Hay’s Daze: Splitting hairs and splitting logs, a May long weekend tradition

May Long already?? No, May long, finally! What we fossils used to call the May 24th Weekend was always the early kick-off to summer, to Varsity Hall at Sylvan Lake, to the first of three or four magic months of music and parties and being young and energetically foolish. And here I am, all these years later, thrilled with splitting logs.

Back in the day, we always had a campfire somewhere on the May long weekend of course, whether it happened to be raining, storming or what Albertans like to call a “late spring” – (translation: a ton of snow).

In fact, one chilly 24th a bunch of us crashed out in sleeping bags huddled around the campfire only to wake up in the cold dawn completely covered in white stuff. I was like a bunch of random lumps forming snowbanks that circled the dead fire. But it wasn’t snow this time, it was thick white ash spewed out by the slowly dying fire and heaped upon us during the night.

Combine those May memories with the fact that a good friend and I recently cut down a couple of dead spruce on his acreage, bucked dozens of logs, hauled them away and piled them in my yard, I figured it was time to split all that thick heavy wood for our backyard firepit. And since the well-worn personal C1 and C2 vertebrae aren’t that happy these days my attempt at slamming an axe several hundred times ended at three swings, two Tylenol and a one-hour nap. So when I eventually recovered I limped to my desktop and went online to search for a used log splitter.

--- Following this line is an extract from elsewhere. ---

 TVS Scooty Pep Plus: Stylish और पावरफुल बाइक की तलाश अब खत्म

My much much older sister, who was always my babysitter growing up, was aghast when I told her. “You’ll kill yourself with that thing!” she said in no uncertain terms. She of course thought I was getting a wood chipper, which would in fact no doubt lead to my unpleasant and graphic demise.

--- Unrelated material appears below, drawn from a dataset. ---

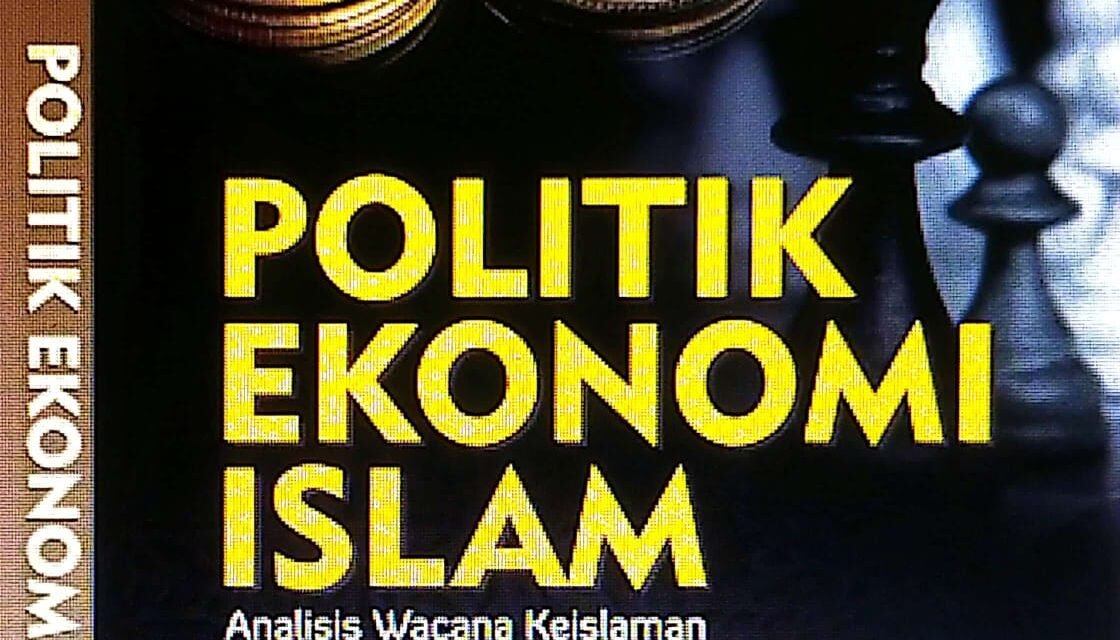 POLITIK EKONOMI ISLAM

No, a little 4-ton log splitter stands about the size of a backyard barbeque and horizontally squeezes a small log onto a heavy wedge, moving about as fast as molasses uphill in January, as my grandma used to say.

When I finally found one on the cyber marketplace for a crazy-good price I told the guy I would take it. “I’m in Drayton Valley”, the guy said, “Can you come and get it?” This was just before the ridiculous price of gas was measured tens of dollars instead of hundreds, so I said I could do with a nice spring road trip.

Long story short, it was a scam. Who knew the internet had scammers, eh? After a week of him rescheduling and telling me different locations to “drop off the money” he finally said, “Sorry, the log splitter’s been stolen! Some creep took it from my apartment balcony!” Sure, buddy, sure. Luckily for me, he somehow must have had a weak moment of guilt and backed out of the con.

A week later I drove to Wetaskiwin to pick up a nice little used electric log splitter from a guy that was clearly not a whack-job and who gave me a good price without splitting hairs. And I’ve been happily splitting away in the backyard ever since.

You wouldn’t believe how strangely, satisfyingly meditative it is to split logs with a sturdy, efficient, well-designed machine. A machine that won’t kill you or cause your lower back to go into debilitating spasms.

So rain or shine, sleet or snow, I’ll be out there enjoying my logs. After all, it is May Long.